# [Encuesta/Competencia] Gentoo Optimizado + screens (abierto)

## chakenio

Buenas gente, que tal... navegando por la red y leyendo el manual de gcc, encontre un monton de use flags y las lei a todas. Me quede con la duda de quien podria tener la mejor combinacion, es decir la persona que tambien halla leido las variables, y eligio por sobre todos los consejos la que penso que era buena.
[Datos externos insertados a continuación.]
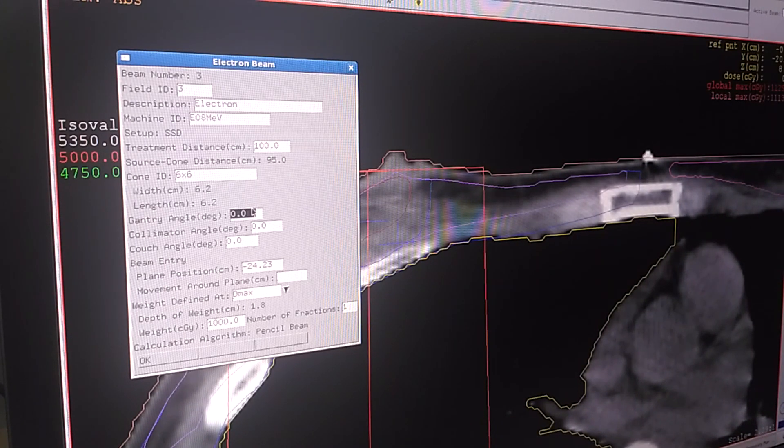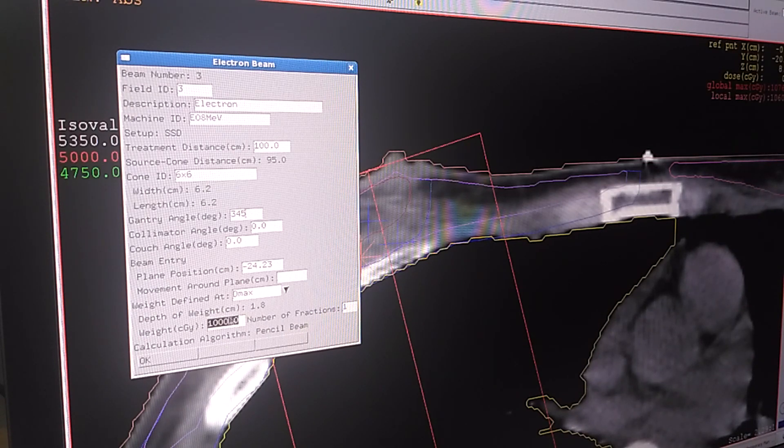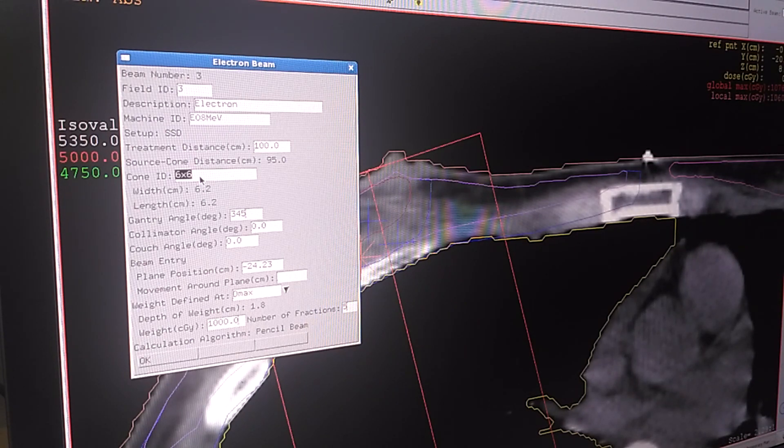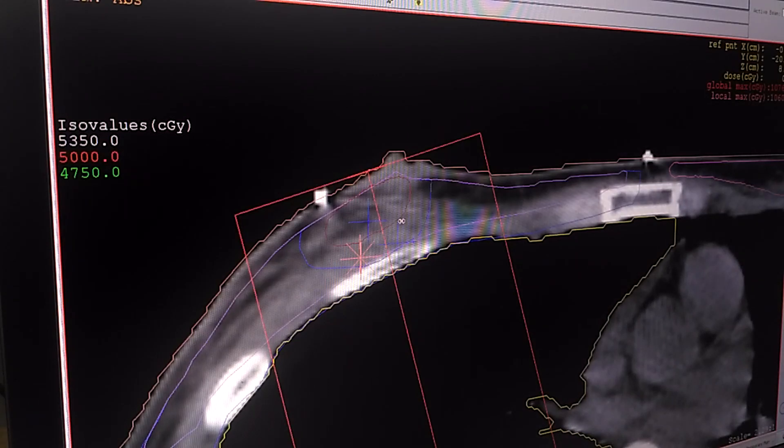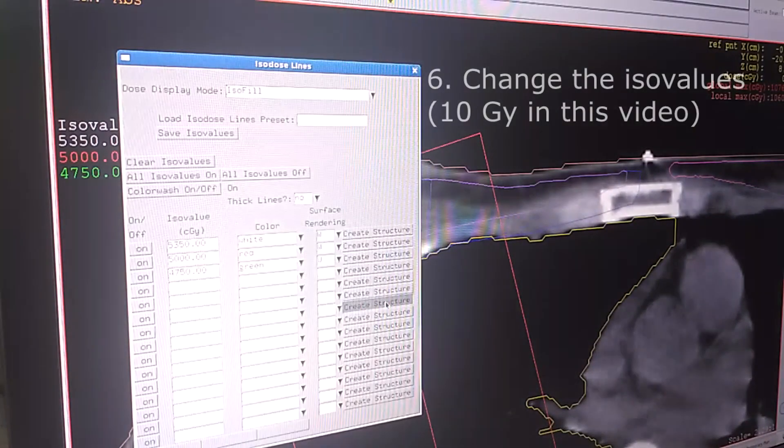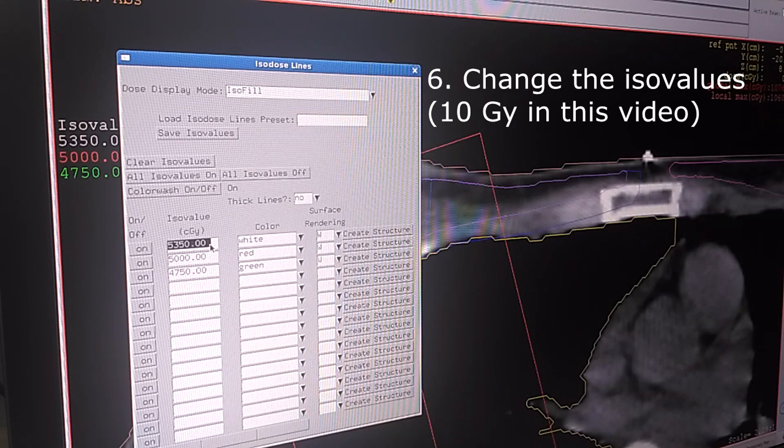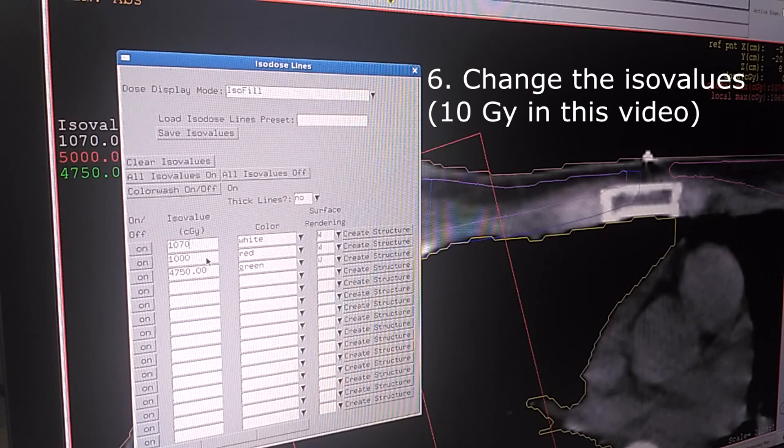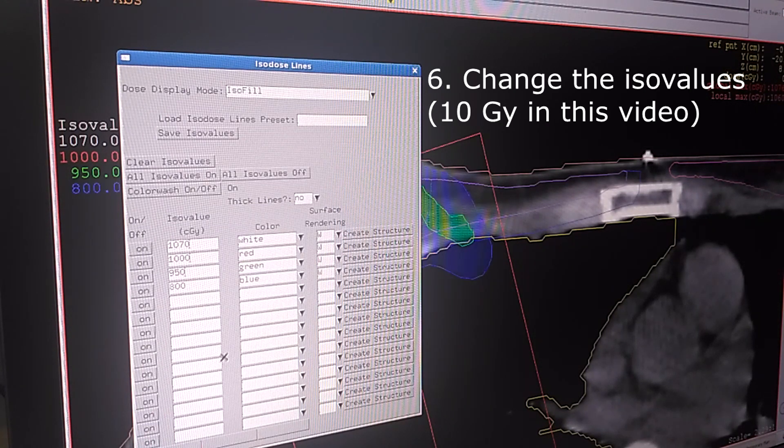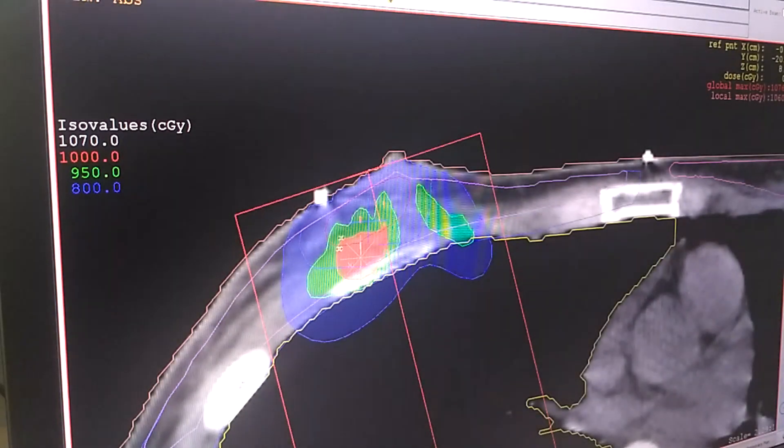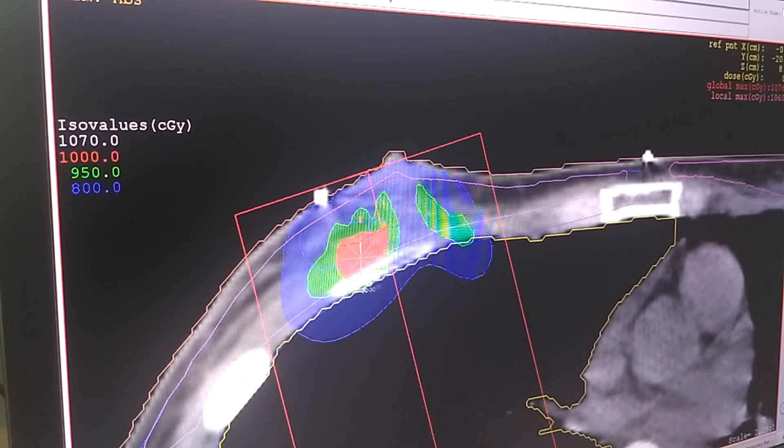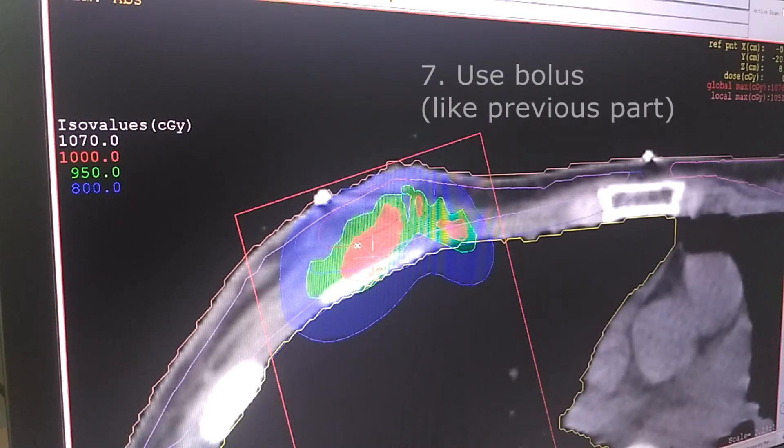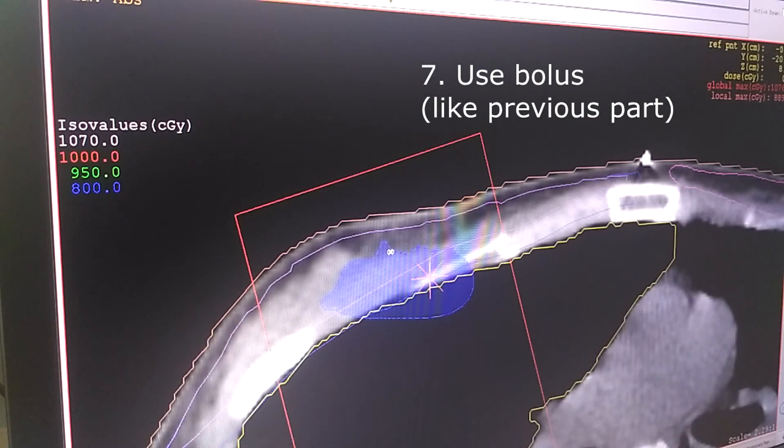I'm going to try 345 degrees gantry angle with 10 gray dose and 5 fractions using 6 times 6 cone. And then I'm going to change the iso value into 10 gray. Click OK. We can see the 80 percent dose is on the lung. We're going to use bolus to make it going upper into the skin.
Con esto tambien podemos ir viendo las diferentes variables y que uso les dan cada uno, para inspirar asi a una mejor optimizacion de Gentoo.

Como yo empece el tema, vamos a dejar la configuracion de mi maquina...

 *Quote:*   

> uname -a
> 
> Linux Yentu 2.6.24-gentoo-r8 #3 SMP Mon Oct 6 22:42:44 GMT x86_64 Intel(R) Celeron(R) CPU 2.80GHz GenuineIntel GNU/Linux
> 
> cat /etc/make.conf
> ...

 

Y un screenshot, para que se vea el desk y lo que consume, saludos.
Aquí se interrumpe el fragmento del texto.